I'm having some trouble understanding your message in context of my most
recent reply to Russell, so please bear with me here as I will
potentially ask a really dumb question:
Do I understand this correctly as what used to work in 5.10 was never
meant to work and the behavior now is the correct one in the FEC case?

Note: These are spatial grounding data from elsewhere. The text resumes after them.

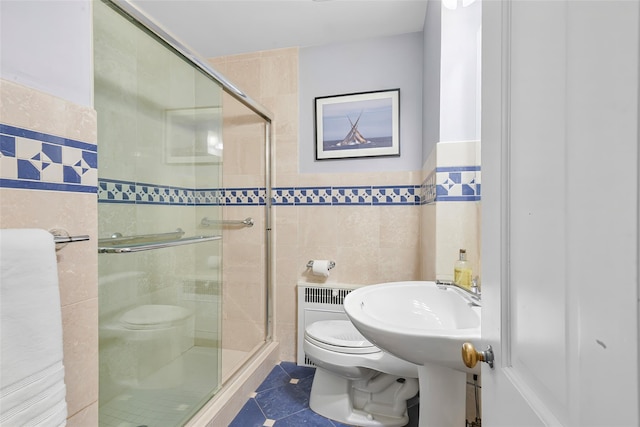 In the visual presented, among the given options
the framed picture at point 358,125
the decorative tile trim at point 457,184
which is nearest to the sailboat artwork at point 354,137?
the framed picture at point 358,125

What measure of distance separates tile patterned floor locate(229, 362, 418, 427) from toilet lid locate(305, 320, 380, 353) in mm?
376

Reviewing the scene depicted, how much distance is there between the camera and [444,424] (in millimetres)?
951

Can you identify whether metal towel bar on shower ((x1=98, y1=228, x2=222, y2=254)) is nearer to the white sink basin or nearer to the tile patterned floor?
the white sink basin

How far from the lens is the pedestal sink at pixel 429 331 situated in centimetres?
78

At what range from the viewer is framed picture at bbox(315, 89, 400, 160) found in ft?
6.23

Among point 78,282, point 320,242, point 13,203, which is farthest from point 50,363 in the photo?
point 320,242

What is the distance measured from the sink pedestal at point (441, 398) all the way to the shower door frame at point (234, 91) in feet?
4.20

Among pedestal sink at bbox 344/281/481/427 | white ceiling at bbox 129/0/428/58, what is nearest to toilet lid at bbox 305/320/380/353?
pedestal sink at bbox 344/281/481/427

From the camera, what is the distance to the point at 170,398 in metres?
1.27

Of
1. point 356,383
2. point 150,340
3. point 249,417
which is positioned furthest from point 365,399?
point 150,340

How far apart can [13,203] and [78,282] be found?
0.25m

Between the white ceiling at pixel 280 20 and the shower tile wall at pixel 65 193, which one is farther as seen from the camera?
the white ceiling at pixel 280 20

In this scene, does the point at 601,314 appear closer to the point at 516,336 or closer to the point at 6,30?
the point at 516,336

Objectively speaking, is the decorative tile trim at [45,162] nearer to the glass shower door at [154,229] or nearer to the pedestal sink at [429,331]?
the glass shower door at [154,229] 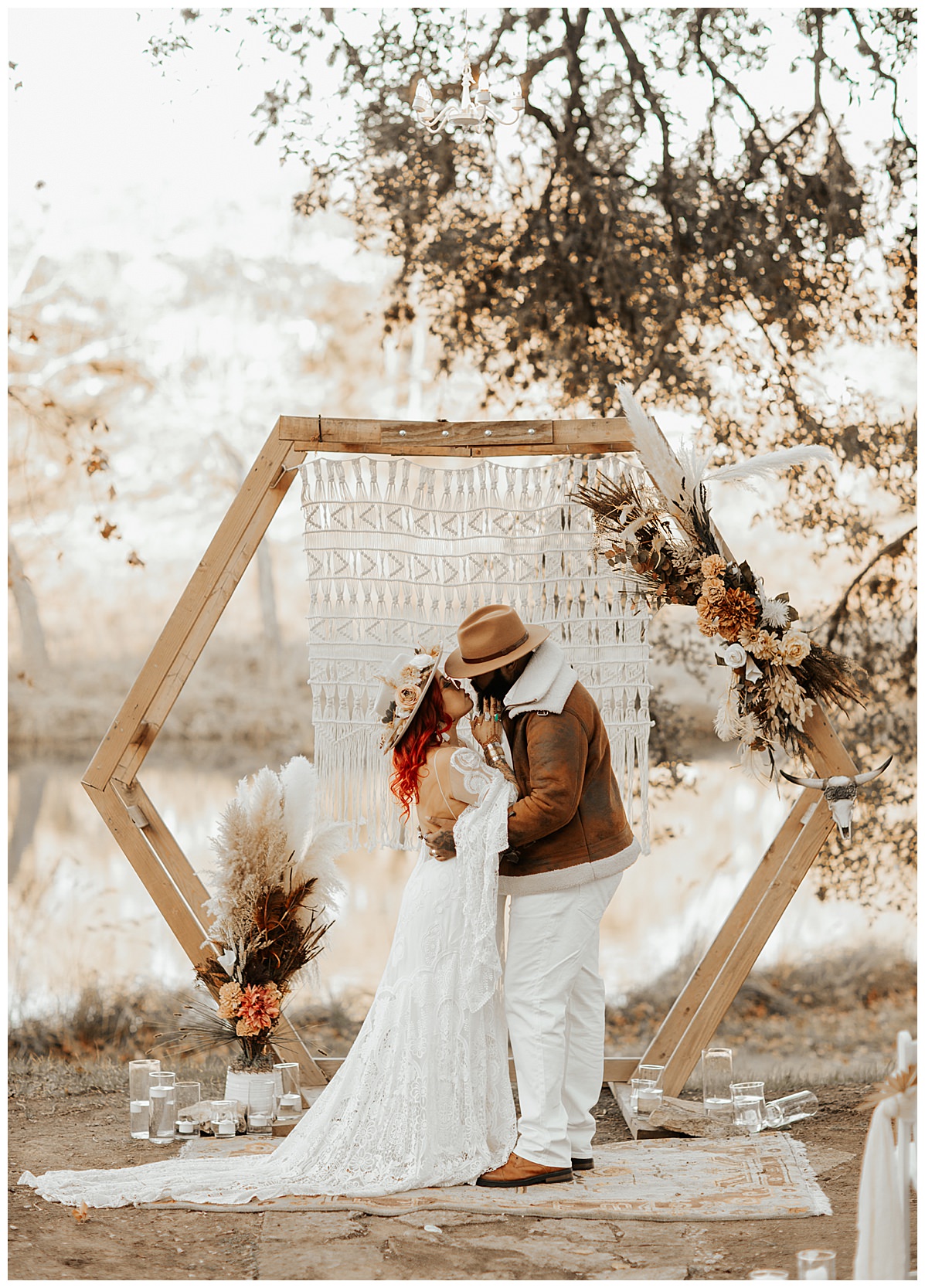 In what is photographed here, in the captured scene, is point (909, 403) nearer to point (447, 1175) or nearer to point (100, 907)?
point (447, 1175)

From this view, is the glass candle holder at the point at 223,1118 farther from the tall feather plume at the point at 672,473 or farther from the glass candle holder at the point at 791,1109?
the tall feather plume at the point at 672,473

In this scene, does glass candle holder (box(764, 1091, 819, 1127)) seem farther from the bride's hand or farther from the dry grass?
the dry grass

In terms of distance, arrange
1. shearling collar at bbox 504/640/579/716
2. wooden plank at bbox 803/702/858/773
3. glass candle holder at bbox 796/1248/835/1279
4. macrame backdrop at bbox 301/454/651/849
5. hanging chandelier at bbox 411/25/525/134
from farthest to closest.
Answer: macrame backdrop at bbox 301/454/651/849
wooden plank at bbox 803/702/858/773
hanging chandelier at bbox 411/25/525/134
shearling collar at bbox 504/640/579/716
glass candle holder at bbox 796/1248/835/1279

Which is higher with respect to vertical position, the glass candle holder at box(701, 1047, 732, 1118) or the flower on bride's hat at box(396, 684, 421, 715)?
the flower on bride's hat at box(396, 684, 421, 715)

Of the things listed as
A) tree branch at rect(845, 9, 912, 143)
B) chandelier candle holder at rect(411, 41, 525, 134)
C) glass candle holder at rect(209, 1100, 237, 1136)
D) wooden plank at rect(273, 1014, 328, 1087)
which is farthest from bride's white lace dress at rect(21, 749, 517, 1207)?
tree branch at rect(845, 9, 912, 143)

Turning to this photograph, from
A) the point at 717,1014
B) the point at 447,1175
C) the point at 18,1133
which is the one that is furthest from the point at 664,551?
the point at 18,1133

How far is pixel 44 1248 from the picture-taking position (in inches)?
120

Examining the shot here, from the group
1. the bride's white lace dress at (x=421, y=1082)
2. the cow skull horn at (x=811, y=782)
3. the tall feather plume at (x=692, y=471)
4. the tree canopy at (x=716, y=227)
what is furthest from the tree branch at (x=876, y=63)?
the bride's white lace dress at (x=421, y=1082)

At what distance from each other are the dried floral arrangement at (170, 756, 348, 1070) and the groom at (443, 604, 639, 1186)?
0.61 metres

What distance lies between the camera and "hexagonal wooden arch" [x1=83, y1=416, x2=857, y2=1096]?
402 cm

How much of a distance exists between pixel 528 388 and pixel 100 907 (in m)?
3.67

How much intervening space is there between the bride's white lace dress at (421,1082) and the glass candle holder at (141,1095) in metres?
0.48

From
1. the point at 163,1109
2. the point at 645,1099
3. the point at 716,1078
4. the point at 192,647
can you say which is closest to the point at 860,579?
the point at 716,1078

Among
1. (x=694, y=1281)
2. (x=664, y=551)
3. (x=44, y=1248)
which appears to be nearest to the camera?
(x=694, y=1281)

Meaning that if the link has never been up the PHY must never be handled
from a power management perspective?
The only PHY examples I have come across (though not many in total) the
PHY has done some initial configuration of itself after POR or release
of the reset line.
>
> From there, I see two distinct cases:
>
> - the network device driver probed, but the network device was never
> brought up in the first place in that case, I do not see a path whereby
> the PHY would have been suspended, unless the boot firmware already took
> care of that (which arguably it should if you are trying to be as power
> efficient as possible), although arguably there could be a path within
> the kernel where this is also done. It could get really complicated however
Generic PM via mdio_bus_phy_suspend() will suspend the PHY if it has a
.suspend callback and mac_managed_pm isn't set.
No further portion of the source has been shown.